Allez, je me remonte les manches et je vous ponds quand même une note histoire de vous faire patienter un peu avant la reprise d’un rythme pas franchement productif, mais régulier au moins ! Pour le coup, un bouquin plus ou moins orienté Criminologie, Le complexe du loup-garou de Denis Duclos, qui a pour sous-titre “La fascination de la violence dans la culture américaine”.
J’aime assez les éditions La Découverte, généralement de bonne qualité. Généralement. Et pour cette fois, c’est raté. Denis Duclos part sur le postulat suivant : la violence, particulièrement celle anglo-saxonne, est issue d’une mémoire commune provenant des mythes nordiques, eux-mêmes partiellement issus des croyances grecques antiques. Mais Duclos commet une erreur magistrale, oubliant l’un des préceptes majeurs du plus grand détective de tous les temps, j’ai nommé Sherlock Holmes : “Bâtir une théorie avant d’avoir des données est une erreur monumentale : insensiblement on se met à torturer les faits pour qu’ils collent avec la théorie, alors que ce sont les théories qui doivent coller avec les faits” (Arthur Conan Doyle, Les aventures de Sherlock Holmes).
En résumé, Duclos ouvre le bal sur le tandem de serial killers homosexuels et cannibales Lucas/Toole voyant chez l’un un avatar d’Odin et chez l’autre un double de Loki. Et une fois cette première salve lancée, Duclos nous renvoie de l’Odin-esque à chaque page, très vite de façon caricaturale. A croire que tous les tueurs ont séjourné chez les Vikkings dans une autre vie. Mais sa tendance à la caricature ne s’arrête pas là ; à la barre des accusés, supposés créateurs de violence, on trouve tour à tour les satanistes (le mythe des tueurs satanistes en est un justement, de mythe), les skinhead, Stephen King (”adolescent attardé - écrivant pour eux -”), les rôlistes (toi qui joue à Donjons & Dragons, te voilà psychopathe potentiel !), Paul Auster (”intello du policier”), etc.
Même le crime, sur lequel il prétend réfléchir, n’est en fait chez Duclos qu’un amalgame de clichés : les pédophiles sont des célibataires (Ah ? Pourtant, on en a déjà vu dans des gentilles petites familles unies, et pas qu’un peu), Eric Schmitt (plus connu comme Human Bomb, preneur d’otages à Neuilly) y est mentionné avec indécence (comparaison de celui-ci à un bouquin de King s’accompagnant de la remarque : “[L’imaginaire de King] Plus fort qu’Eric Schmitt !”), validation de phobies injustifiées (tueurs sataniques et rasoirs dans les fruits d’Halloween), comparaison étrange entre Stephen King et “STEPHEN” Spielberg, mention de Clarice Martin dans Le Silence des Agneaux (alors qu’il s’agit de Clarice STARLING), le Dr Holmes s’intéresserait aux nazis (difficile à expliquer vu que ce psychopathe vivait à la fin du XIXème), interprétation erronée de William Blake, nom de “complexe” alors qu’il s’agit de “syndrome”, et j’en passe. Un seul mot : accablant.

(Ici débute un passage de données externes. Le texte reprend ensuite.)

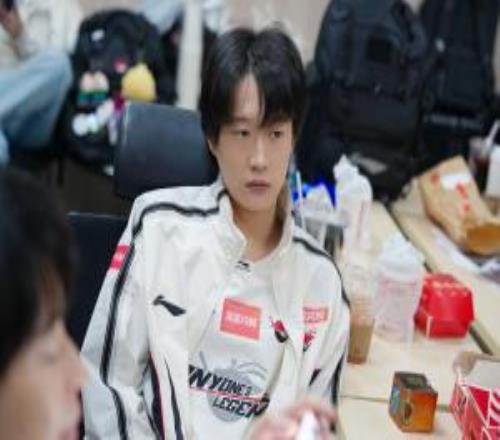 打老東家還不是手拿把掐！Shanks三局13227豪華戰(zhàn)績暴打WE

Et puis Duclos appartient à cette série de journalistes/essayistes outrés prétendant que le lectorat est à la recherche du morbide, ce qui est macabre et honteux. Manque de bol, les auteurs qui font de pareilles remarques sont souvent ceux qui virent le plus vite dans le gore. Duclos ne déroge pas à la règle : parlant des tueurs anthropophages Lucas et Toole, il dit “[Ce cas va] J’allais dire, mais la convenance me retient, (…) nous mettre en appétit”. Vulgaire et malvenu.
Qu’y a-t-il à en sauver ? Pas grand chose ; une vague citation de Nietzsche, une opposition entre l’American dream et l’American drama, et l’évolution du nom de Charles Maddox, pseudo-gourou qui a commandité le meurtre de Sharon Tate, la femme de Roman Polanski. Maddox qui a fait évoluer son nom en Charles Manson (le fils de l’Homme) puis en Charles Willis Manson (Charle’s Will is Man son ; la volonté de Charles est le fils de l’Homme). A part ça, on pourra jeter le livre sans regret.